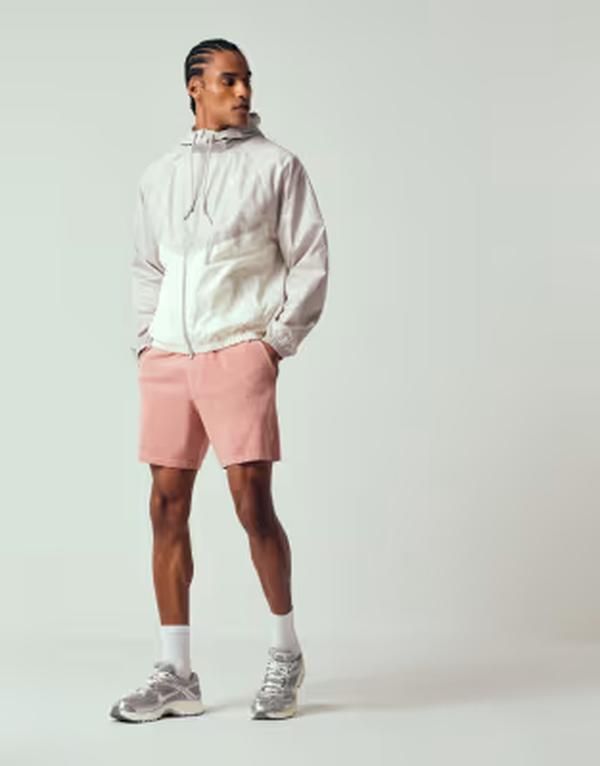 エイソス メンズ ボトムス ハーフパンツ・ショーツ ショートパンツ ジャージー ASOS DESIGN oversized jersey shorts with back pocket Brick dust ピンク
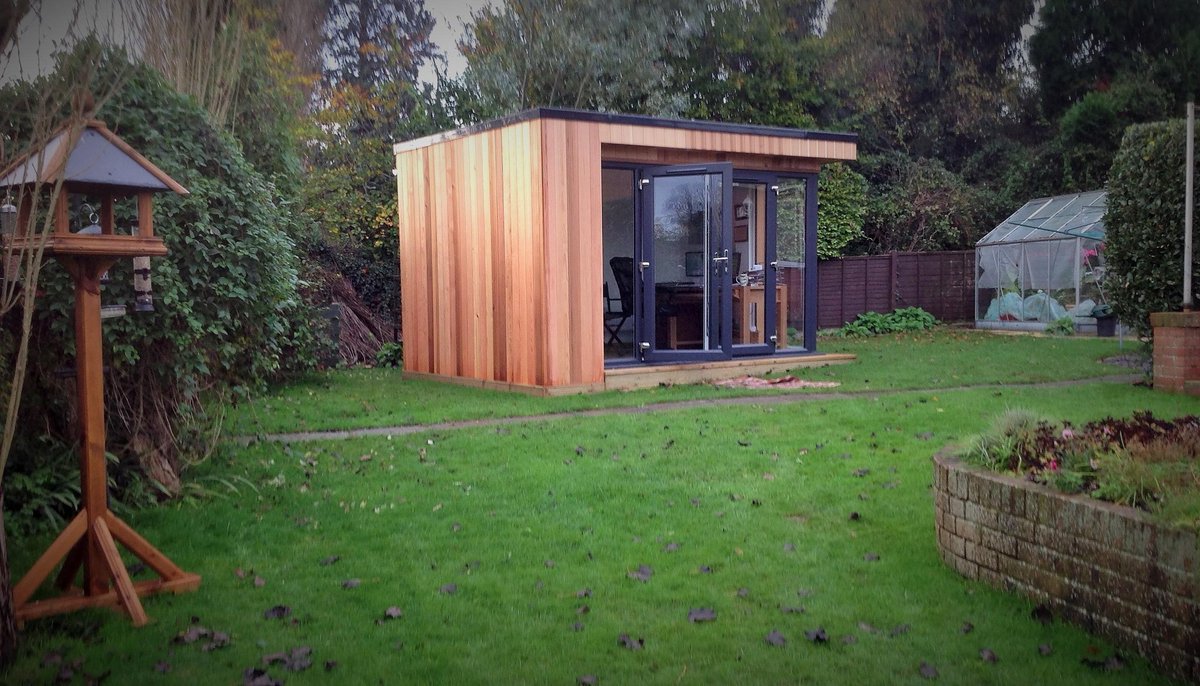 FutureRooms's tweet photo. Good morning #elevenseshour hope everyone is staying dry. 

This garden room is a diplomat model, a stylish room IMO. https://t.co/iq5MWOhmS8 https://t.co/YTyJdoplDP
# # # # # # #
__Requirement__
Could the data above be returned in full, exactly, with every image left out?

__Result for this exercise__
 エイソス メンズ ボトムス ハーフパンツ・ショーツ ショートパンツ ジャージー ASOS DESIGN oversized jersey shorts with back pocket Brick dust ピンク
 FutureRooms's tweet photo. Good morning #elevenseshour hope everyone is staying dry. 

This garden room is a diplomat model, a stylish room IMO. https://t.co/iq5MWOhmS8 https://t.co/YTyJdoplDP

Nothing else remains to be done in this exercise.